A lot is written about all these things but there is just one goal: delegation.

A block of code will often do many things and have many effects and side effects including raising exceptions. This means the code becomes deeply embedded in the life of the program having links to many things... and the spaghetti starts making future changes, debugging and general understanding of the code exponentially harder as the program grows.

The goal of beautiful code is to create units which can be isolated, unplugged and replaced from the program easily. This means in the future, understanding what the unit does, debugging and changing it become a matter as simple as unplugging a light bulb regardless how massive the parent program is.

And this is achieved by delegation. In other words the unit does only what it is required to do and can leave all other details to the outside world. The USB socket being a great example: by abstracting serial communication the hardware of plugging devices into computers has been completely separated from what those devices are.

In React programming for example the issues of actually generating a page are left (delegated) to the rendering engine. All the individual units have to do is work out how they should look, but they never do any actually page building in real time... perhaps the engine won't ever need them... they don't need to care about events and the world of real world display any more than the engine of an HTML page has to worry about the details of internet packet transport.

Delegation is usually used to refer to dependency injection and typed wrappers for function pointers... but it is the same thing. When we encounter a delegate in this sense we can ignore what the delegate actually is in the "real" live world we just know what it should be by the function (type) definition. It is up to the user of our code to supply the actual delegate code, so we have delegated all responsibility to them... we can forget about it.

Encapsulation in OO is the same in reverse.

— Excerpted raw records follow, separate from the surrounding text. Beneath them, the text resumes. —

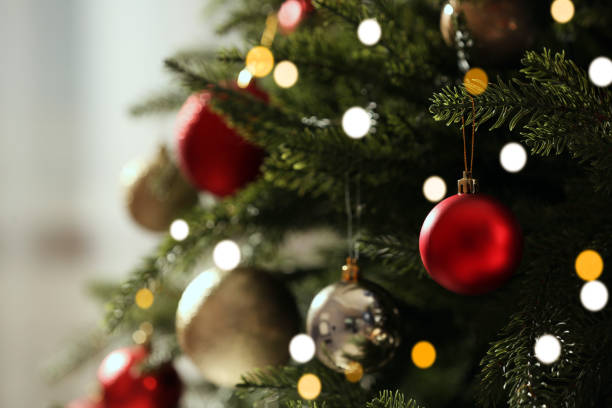 istock Christmas tree with beautiful baubles on blurred background, closeup. Space for text 1793638952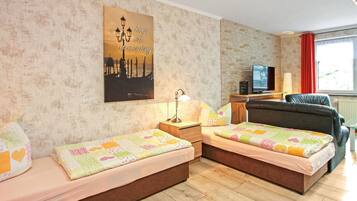 Ein Hotelzimmer mit zwei Betten, einem Fernseher, einer Lampe und einem Stadtplakat an der Wand.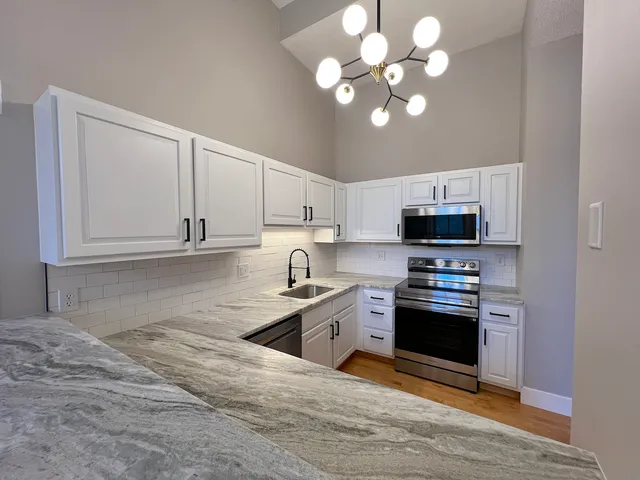 a kitchen with stainless steel appliances granite countertop a sink a stove top oven and cabinets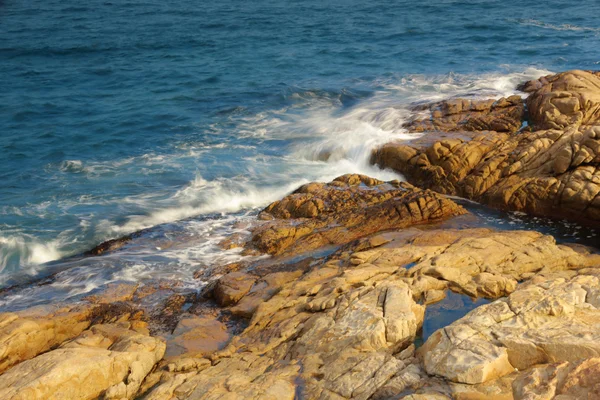 Skaliste wybrzeże morskie i zamazana woda w shek o, hong kong — Zdjęcie stockowe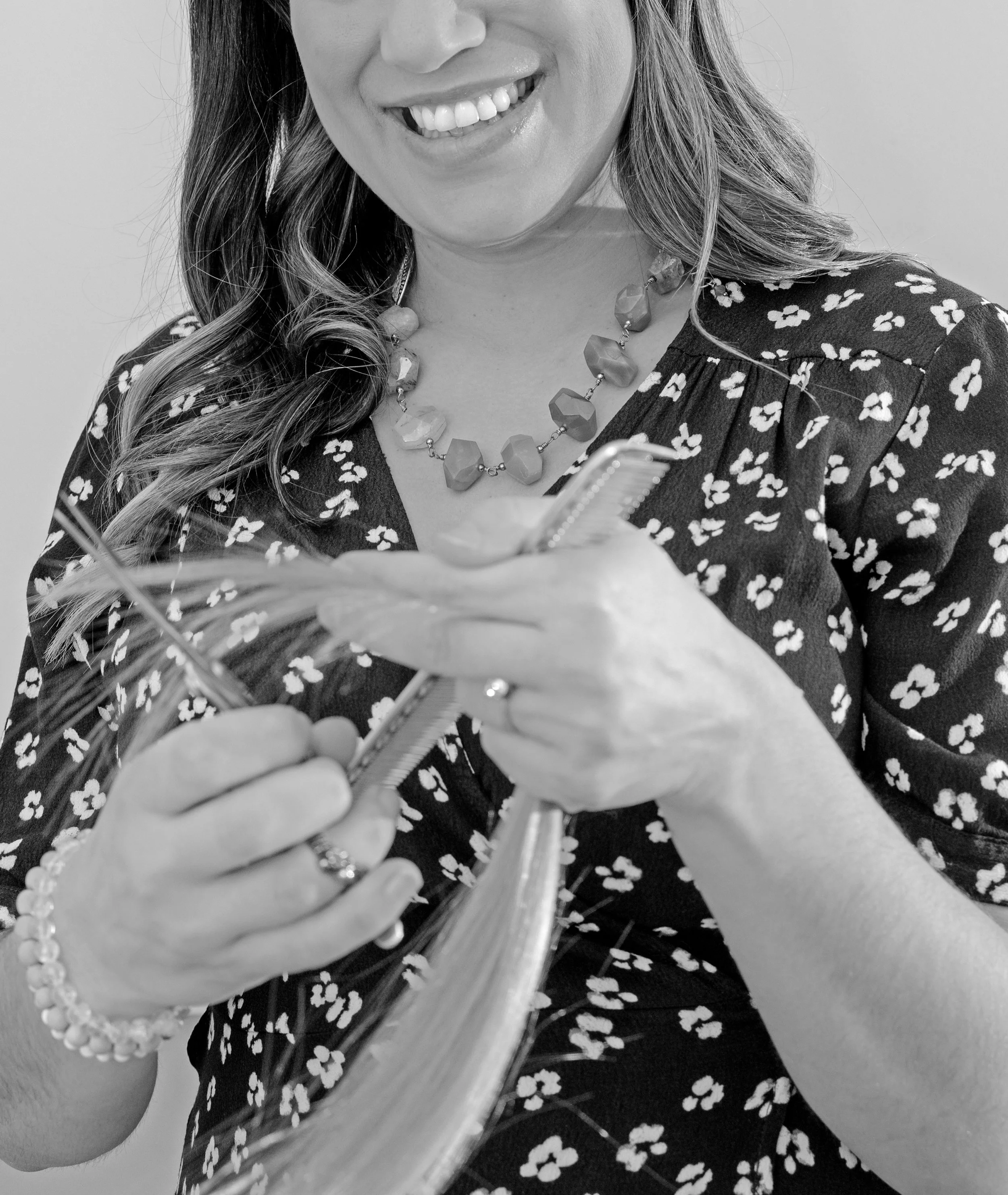 A woman smiling while holding a hairbrush and a feather, wearing a floral dress and a beaded necklace.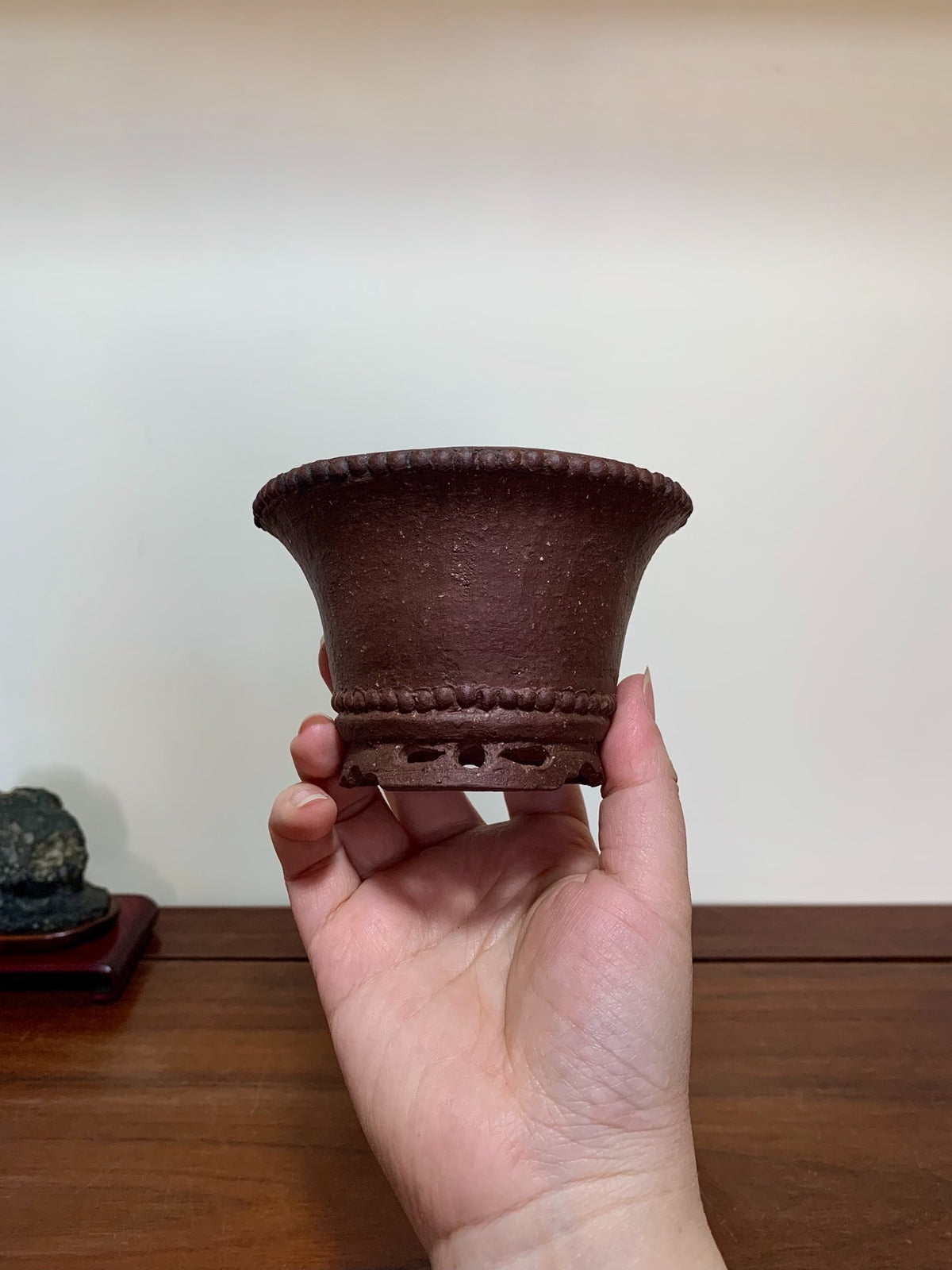 A hand holds a small, dark brown, unglazed ceramic pot with a flared rim and decorative bead trim.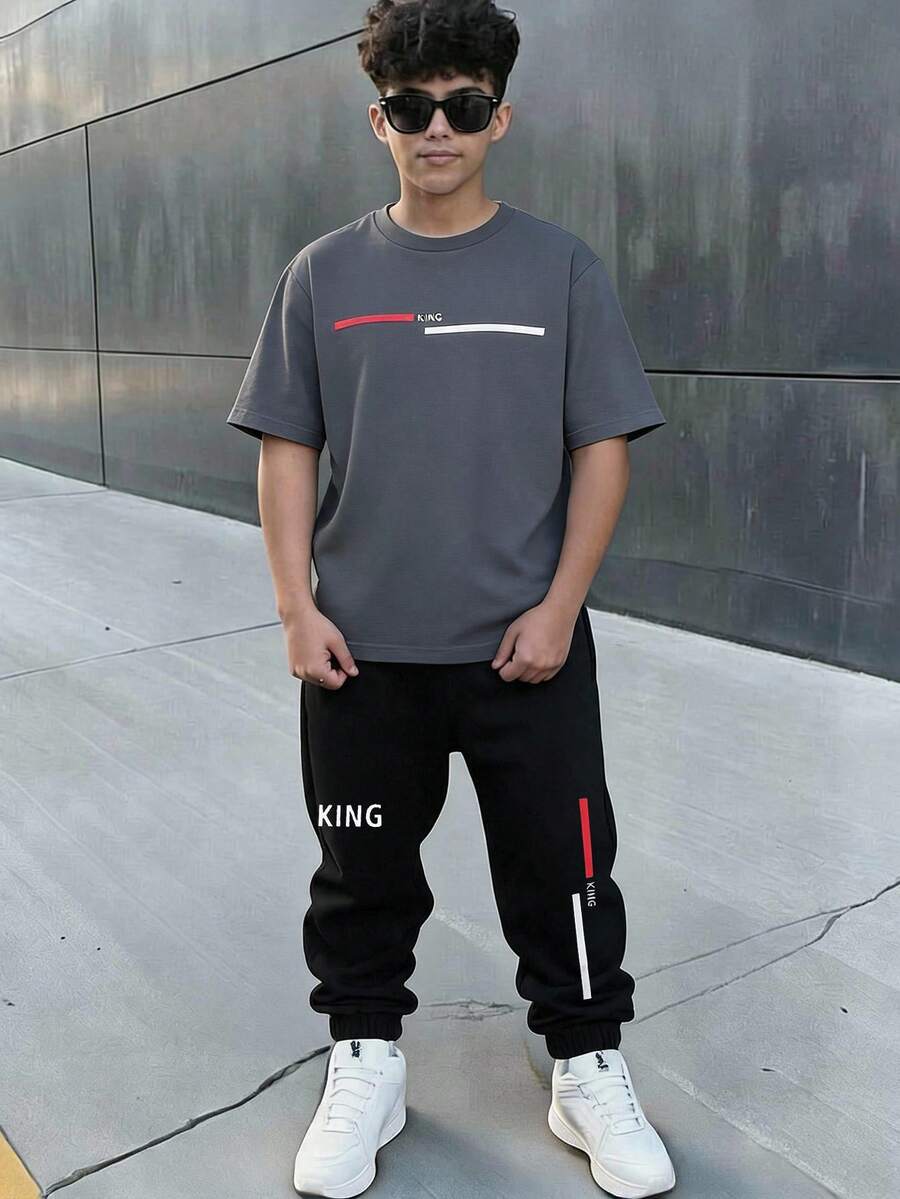 SHEIN 青少年男孩休閒日常舒適印花圖案圓領寬鬆短袖T恤與直筒印花對比色針織長褲套裝 - 彩色 - 查看 1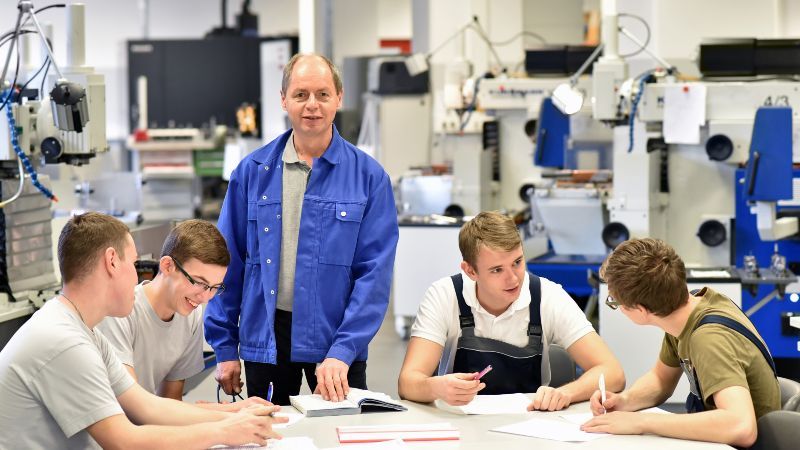 Vier sitzende Männer und ein Mann stehend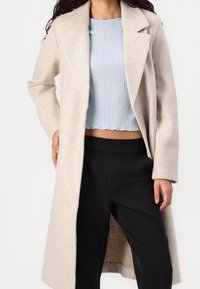 Beige ullkappa med skräddarsydd design, urklippta slag och sidofickor, bärs öppen över en ljusblå texturerad topp och svarta byxor.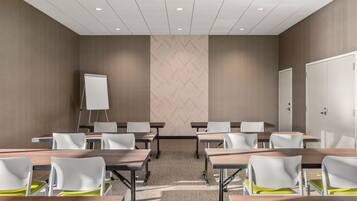 A conference room with a whiteboard, multiple tables, and chairs.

Users of our objects can ignore the implementation, they can delegate those worries to us, exactly as how our objects are used we don't care about either... whether they never even get compiled into a final program or whether they end up controlling a space craft.

Functional programming is the same... a piece of code does one thing that is well defined.. the function user can delegate all responsibility to the function writer, all they know is that the function will transform their data in one way and one way only with no side effects.

In all these ways a block of code does just one thing, completely ignoring its context, and completely independent from its single (if possible) dependency... delegating in both directions all responsibility apart from what it is supposed to do.

By transforming* programs into indivisible units which do just one thing (single responsibility principle) and exporting all other worries to other units, layers and platforms we create easily maintainable and usable code.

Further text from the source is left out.